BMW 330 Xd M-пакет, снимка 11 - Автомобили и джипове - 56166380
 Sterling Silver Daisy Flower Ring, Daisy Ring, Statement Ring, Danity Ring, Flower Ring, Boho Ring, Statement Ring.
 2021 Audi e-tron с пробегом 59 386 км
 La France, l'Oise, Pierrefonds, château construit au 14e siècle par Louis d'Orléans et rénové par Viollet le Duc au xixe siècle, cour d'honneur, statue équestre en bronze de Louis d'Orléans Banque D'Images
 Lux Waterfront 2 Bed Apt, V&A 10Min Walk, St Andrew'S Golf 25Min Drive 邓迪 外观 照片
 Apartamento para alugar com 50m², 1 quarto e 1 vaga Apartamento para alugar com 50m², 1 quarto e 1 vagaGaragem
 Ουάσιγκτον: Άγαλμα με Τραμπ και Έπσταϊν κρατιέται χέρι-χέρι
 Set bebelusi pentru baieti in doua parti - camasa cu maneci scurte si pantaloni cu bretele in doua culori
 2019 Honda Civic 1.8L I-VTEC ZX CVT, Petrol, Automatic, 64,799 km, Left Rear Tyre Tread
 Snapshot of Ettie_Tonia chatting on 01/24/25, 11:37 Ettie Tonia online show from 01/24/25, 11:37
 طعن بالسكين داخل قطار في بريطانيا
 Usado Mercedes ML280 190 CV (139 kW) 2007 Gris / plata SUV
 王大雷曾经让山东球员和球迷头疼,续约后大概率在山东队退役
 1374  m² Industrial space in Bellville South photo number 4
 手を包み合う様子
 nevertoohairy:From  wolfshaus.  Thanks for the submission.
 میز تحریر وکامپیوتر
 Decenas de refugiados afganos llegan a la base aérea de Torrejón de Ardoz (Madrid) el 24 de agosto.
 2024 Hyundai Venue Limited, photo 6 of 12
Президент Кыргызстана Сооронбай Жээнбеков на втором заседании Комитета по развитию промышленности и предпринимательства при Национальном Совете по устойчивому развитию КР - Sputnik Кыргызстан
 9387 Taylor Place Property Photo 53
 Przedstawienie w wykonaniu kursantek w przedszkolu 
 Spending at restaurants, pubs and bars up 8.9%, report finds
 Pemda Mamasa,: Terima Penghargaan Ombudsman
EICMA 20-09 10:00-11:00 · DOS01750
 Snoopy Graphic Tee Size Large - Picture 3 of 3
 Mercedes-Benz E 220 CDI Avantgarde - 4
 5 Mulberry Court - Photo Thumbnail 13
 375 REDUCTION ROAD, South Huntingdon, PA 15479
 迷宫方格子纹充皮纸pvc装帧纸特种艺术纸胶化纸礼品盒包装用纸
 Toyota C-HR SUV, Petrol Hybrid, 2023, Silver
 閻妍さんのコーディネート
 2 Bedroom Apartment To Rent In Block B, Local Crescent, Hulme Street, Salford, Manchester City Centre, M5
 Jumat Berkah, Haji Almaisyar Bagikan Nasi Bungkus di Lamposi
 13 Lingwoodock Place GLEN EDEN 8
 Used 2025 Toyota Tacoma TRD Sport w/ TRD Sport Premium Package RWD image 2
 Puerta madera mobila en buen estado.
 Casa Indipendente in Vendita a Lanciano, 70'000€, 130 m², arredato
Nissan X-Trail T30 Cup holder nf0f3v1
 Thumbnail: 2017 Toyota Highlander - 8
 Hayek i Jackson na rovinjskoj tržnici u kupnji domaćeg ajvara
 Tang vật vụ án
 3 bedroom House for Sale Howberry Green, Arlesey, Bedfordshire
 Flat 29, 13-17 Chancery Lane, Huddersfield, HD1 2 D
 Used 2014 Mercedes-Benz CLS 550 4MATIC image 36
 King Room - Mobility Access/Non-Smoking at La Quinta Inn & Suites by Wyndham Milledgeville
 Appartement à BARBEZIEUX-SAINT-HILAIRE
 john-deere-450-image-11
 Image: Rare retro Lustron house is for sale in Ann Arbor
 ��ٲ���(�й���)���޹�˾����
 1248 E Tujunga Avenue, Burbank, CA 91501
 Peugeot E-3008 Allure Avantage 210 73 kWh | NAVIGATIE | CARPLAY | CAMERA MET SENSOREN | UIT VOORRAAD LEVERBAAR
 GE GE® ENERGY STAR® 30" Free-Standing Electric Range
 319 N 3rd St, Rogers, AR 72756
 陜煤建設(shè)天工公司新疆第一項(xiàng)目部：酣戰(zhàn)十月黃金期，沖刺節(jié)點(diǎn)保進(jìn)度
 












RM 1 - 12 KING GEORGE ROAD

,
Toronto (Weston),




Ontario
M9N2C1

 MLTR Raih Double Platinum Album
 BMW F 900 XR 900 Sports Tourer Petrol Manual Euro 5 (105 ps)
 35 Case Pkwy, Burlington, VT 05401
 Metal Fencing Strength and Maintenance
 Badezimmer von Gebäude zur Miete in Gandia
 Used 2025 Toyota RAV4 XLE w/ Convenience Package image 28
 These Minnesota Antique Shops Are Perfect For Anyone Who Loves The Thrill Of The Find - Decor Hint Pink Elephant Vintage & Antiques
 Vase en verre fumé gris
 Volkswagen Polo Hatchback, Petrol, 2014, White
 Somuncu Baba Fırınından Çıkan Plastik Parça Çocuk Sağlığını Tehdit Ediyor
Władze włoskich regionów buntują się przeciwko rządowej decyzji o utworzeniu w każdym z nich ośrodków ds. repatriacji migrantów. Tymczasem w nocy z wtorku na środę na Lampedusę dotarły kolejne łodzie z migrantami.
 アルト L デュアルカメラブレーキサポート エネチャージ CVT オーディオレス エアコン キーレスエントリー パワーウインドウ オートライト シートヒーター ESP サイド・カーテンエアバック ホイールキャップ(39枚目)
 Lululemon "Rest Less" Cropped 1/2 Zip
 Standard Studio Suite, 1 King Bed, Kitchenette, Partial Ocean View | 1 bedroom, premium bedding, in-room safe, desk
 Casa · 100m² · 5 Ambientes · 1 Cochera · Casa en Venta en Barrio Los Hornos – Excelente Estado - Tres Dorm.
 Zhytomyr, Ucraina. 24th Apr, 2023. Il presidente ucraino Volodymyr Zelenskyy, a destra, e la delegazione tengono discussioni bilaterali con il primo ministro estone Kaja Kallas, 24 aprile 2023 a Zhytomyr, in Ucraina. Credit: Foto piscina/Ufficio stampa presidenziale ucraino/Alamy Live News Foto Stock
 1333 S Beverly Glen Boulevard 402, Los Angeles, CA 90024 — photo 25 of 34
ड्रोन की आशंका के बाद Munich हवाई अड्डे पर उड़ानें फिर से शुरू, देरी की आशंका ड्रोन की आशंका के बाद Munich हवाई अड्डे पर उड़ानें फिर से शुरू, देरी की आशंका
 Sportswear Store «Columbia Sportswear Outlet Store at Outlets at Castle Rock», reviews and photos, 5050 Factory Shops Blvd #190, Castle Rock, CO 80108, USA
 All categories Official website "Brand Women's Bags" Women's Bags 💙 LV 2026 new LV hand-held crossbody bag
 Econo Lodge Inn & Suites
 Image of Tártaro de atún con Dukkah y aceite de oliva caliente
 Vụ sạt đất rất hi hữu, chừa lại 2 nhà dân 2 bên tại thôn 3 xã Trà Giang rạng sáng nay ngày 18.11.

■ TO DO
Reproduce the listing above exactly.

■ RESPONSE AREA
BMW 330 Xd M-пакет, снимка 11 - Автомобили и джипове - 56166380
 Sterling Silver Daisy Flower Ring, Daisy Ring, Statement Ring, Danity Ring, Flower Ring, Boho Ring, Statement Ring.
 2021 Audi e-tron с пробегом 59 386 км
 La France, l'Oise, Pierrefonds, château construit au 14e siècle par Louis d'Orléans et rénové par Viollet le Duc au xixe siècle, cour d'honneur, statue équestre en bronze de Louis d'Orléans Banque D'Images
 Lux Waterfront 2 Bed Apt, V&A 10Min Walk, St Andrew'S Golf 25Min Drive 邓迪 外观 照片
 Apartamento para alugar com 50m², 1 quarto e 1 vaga Apartamento para alugar com 50m², 1 quarto e 1 vagaGaragem
 Ουάσιγκτον: Άγαλμα με Τραμπ και Έπσταϊν κρατιέται χέρι-χέρι
 Set bebelusi pentru baieti in doua parti - camasa cu maneci scurte si pantaloni cu bretele in doua culori
 2019 Honda Civic 1.8L I-VTEC ZX CVT, Petrol, Automatic, 64,799 km, Left Rear Tyre Tread
 Snapshot of Ettie_Tonia chatting on 01/24/25, 11:37 Ettie Tonia online show from 01/24/25, 11:37
 طعن بالسكين داخل قطار في بريطانيا
 Usado Mercedes ML280 190 CV (139 kW) 2007 Gris / plata SUV
 王大雷曾经让山东球员和球迷头疼,续约后大概率在山东队退役
 1374  m² Industrial space in Bellville South photo number 4
 手を包み合う様子
 nevertoohairy:From  wolfshaus.  Thanks for the submission.
 میز تحریر وکامپیوتر
 Decenas de refugiados afganos llegan a la base aérea de Torrejón de Ardoz (Madrid) el 24 de agosto.
 2024 Hyundai Venue Limited, photo 6 of 12
Президент Кыргызстана Сооронбай Жээнбеков на втором заседании Комитета по развитию промышленности и предпринимательства при Национальном Совете по устойчивому развитию КР - Sputnik Кыргызстан
 9387 Taylor Place Property Photo 53
 Przedstawienie w wykonaniu kursantek w przedszkolu 
 Spending at restaurants, pubs and bars up 8.9%, report finds
 Pemda Mamasa,: Terima Penghargaan Ombudsman
EICMA 20-09 10:00-11:00 · DOS01750
 Snoopy Graphic Tee Size Large - Picture 3 of 3
 Mercedes-Benz E 220 CDI Avantgarde - 4
 5 Mulberry Court - Photo Thumbnail 13
 375 REDUCTION ROAD, South Huntingdon, PA 15479
 迷宫方格子纹充皮纸pvc装帧纸特种艺术纸胶化纸礼品盒包装用纸
 Toyota C-HR SUV, Petrol Hybrid, 2023, Silver
 閻妍さんのコーディネート
 2 Bedroom Apartment To Rent In Block B, Local Crescent, Hulme Street, Salford, Manchester City Centre, M5
 Jumat Berkah, Haji Almaisyar Bagikan Nasi Bungkus di Lamposi
 13 Lingwoodock Place GLEN EDEN 8
 Used 2025 Toyota Tacoma TRD Sport w/ TRD Sport Premium Package RWD image 2
 Puerta madera mobila en buen estado.
 Casa Indipendente in Vendita a Lanciano, 70'000€, 130 m², arredato
Nissan X-Trail T30 Cup holder nf0f3v1
 Thumbnail: 2017 Toyota Highlander - 8
 Hayek i Jackson na rovinjskoj tržnici u kupnji domaćeg ajvara
 Tang vật vụ án
 3 bedroom House for Sale Howberry Green, Arlesey, Bedfordshire
 Flat 29, 13-17 Chancery Lane, Huddersfield, HD1 2 D
 Used 2014 Mercedes-Benz CLS 550 4MATIC image 36
 King Room - Mobility Access/Non-Smoking at La Quinta Inn & Suites by Wyndham Milledgeville
 Appartement à BARBEZIEUX-SAINT-HILAIRE
 john-deere-450-image-11
 Image: Rare retro Lustron house is for sale in Ann Arbor
 ��ٲ���(�й���)���޹�˾����
 1248 E Tujunga Avenue, Burbank, CA 91501
 Peugeot E-3008 Allure Avantage 210 73 kWh | NAVIGATIE | CARPLAY | CAMERA MET SENSOREN | UIT VOORRAAD LEVERBAAR
 GE GE® ENERGY STAR® 30" Free-Standing Electric Range
 319 N 3rd St, Rogers, AR 72756
 陜煤建設(shè)天工公司新疆第一項(xiàng)目部：酣戰(zhàn)十月黃金期，沖刺節(jié)點(diǎn)保進(jìn)度
 












RM 1 - 12 KING GEORGE ROAD

,
Toronto (Weston),




Ontario
M9N2C1

 MLTR Raih Double Platinum Album
 BMW F 900 XR 900 Sports Tourer Petrol Manual Euro 5 (105 ps)
 35 Case Pkwy, Burlington, VT 05401
 Metal Fencing Strength and Maintenance
 Badezimmer von Gebäude zur Miete in Gandia
 Used 2025 Toyota RAV4 XLE w/ Convenience Package image 28
 These Minnesota Antique Shops Are Perfect For Anyone Who Loves The Thrill Of The Find - Decor Hint Pink Elephant Vintage & Antiques
 Vase en verre fumé gris
 Volkswagen Polo Hatchback, Petrol, 2014, White
 Somuncu Baba Fırınından Çıkan Plastik Parça Çocuk Sağlığını Tehdit Ediyor
Władze włoskich regionów buntują się przeciwko rządowej decyzji o utworzeniu w każdym z nich ośrodków ds. repatriacji migrantów. Tymczasem w nocy z wtorku na środę na Lampedusę dotarły kolejne łodzie z migrantami.
 アルト L デュアルカメラブレーキサポート エネチャージ CVT オーディオレス エアコン キーレスエントリー パワーウインドウ オートライト シートヒーター ESP サイド・カーテンエアバック ホイールキャップ(39枚目)
 Lululemon "Rest Less" Cropped 1/2 Zip
 Standard Studio Suite, 1 King Bed, Kitchenette, Partial Ocean View | 1 bedroom, premium bedding, in-room safe, desk
 Casa · 100m² · 5 Ambientes · 1 Cochera · Casa en Venta en Barrio Los Hornos – Excelente Estado - Tres Dorm.
 Zhytomyr, Ucraina. 24th Apr, 2023. Il presidente ucraino Volodymyr Zelenskyy, a destra, e la delegazione tengono discussioni bilaterali con il primo ministro estone Kaja Kallas, 24 aprile 2023 a Zhytomyr, in Ucraina. Credit: Foto piscina/Ufficio stampa presidenziale ucraino/Alamy Live News Foto Stock
 1333 S Beverly Glen Boulevard 402, Los Angeles, CA 90024 — photo 25 of 34
ड्रोन की आशंका के बाद Munich हवाई अड्डे पर उड़ानें फिर से शुरू, देरी की आशंका ड्रोन की आशंका के बाद Munich हवाई अड्डे पर उड़ानें फिर से शुरू, देरी की आशंका
 Sportswear Store «Columbia Sportswear Outlet Store at Outlets at Castle Rock», reviews and photos, 5050 Factory Shops Blvd #190, Castle Rock, CO 80108, USA
 All categories Official website "Brand Women's Bags" Women's Bags 💙 LV 2026 new LV hand-held crossbody bag
 Econo Lodge Inn & Suites
 Image of Tártaro de atún con Dukkah y aceite de oliva caliente
 Vụ sạt đất rất hi hữu, chừa lại 2 nhà dân 2 bên tại thôn 3 xã Trà Giang rạng sáng nay ngày 18.11.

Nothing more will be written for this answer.